▸ **Description of the task**: Quote exactly the lines spanning from the top of the data below to the line that contains "潔白的哈達二胡獨奏，潔白的哈達二胡獨奏宋飛", including both.

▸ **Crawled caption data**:
┄┄┄┄┄┄

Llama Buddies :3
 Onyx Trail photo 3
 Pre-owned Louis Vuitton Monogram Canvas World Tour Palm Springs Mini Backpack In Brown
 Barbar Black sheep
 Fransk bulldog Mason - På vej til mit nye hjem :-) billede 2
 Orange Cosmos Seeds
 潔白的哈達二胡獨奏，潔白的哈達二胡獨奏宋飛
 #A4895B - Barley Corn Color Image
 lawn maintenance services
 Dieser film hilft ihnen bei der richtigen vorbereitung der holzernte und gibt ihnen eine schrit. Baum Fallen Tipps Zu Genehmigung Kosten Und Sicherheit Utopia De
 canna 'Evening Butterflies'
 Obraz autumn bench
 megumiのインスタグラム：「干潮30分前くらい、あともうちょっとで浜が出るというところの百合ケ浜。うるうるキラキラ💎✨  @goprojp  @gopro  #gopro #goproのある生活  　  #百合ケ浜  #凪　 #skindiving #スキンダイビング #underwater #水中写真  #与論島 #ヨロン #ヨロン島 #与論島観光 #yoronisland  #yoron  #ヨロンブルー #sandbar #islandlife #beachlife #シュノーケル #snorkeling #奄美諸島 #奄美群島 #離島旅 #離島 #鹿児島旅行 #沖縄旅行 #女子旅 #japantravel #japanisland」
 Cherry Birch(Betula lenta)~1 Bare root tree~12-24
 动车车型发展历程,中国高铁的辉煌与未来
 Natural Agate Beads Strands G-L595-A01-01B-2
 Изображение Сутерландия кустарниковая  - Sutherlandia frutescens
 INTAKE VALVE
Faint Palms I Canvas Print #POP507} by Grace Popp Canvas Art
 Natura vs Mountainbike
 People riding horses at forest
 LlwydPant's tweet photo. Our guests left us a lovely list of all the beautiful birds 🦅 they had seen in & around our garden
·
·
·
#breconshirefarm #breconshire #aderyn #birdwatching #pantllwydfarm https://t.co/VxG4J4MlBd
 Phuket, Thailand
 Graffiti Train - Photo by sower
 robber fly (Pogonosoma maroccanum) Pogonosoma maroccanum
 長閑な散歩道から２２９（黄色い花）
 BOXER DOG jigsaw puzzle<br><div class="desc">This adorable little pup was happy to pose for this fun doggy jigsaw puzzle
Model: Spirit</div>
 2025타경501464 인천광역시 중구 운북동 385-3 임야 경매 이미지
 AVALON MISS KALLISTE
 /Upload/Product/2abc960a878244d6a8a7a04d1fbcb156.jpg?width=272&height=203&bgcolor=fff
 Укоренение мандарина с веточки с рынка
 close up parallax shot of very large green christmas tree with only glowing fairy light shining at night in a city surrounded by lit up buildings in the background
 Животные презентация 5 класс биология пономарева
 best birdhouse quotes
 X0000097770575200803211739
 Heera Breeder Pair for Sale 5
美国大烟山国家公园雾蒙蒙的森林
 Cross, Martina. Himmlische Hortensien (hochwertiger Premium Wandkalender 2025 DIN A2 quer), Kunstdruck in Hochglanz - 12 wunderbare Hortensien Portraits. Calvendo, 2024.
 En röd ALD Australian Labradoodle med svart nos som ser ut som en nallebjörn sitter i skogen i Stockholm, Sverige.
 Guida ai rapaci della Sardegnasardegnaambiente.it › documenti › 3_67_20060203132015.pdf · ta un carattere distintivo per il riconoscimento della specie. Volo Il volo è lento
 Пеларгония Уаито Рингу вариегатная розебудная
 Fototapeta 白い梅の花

┄┄┄┄┄┄

▸ **Result of the exercise**:
Llama Buddies :3
 Onyx Trail photo 3
 Pre-owned Louis Vuitton Monogram Canvas World Tour Palm Springs Mini Backpack In Brown
 Barbar Black sheep
 Fransk bulldog Mason - På vej til mit nye hjem :-) billede 2
 Orange Cosmos Seeds
 潔白的哈達二胡獨奏，潔白的哈達二胡獨奏宋飛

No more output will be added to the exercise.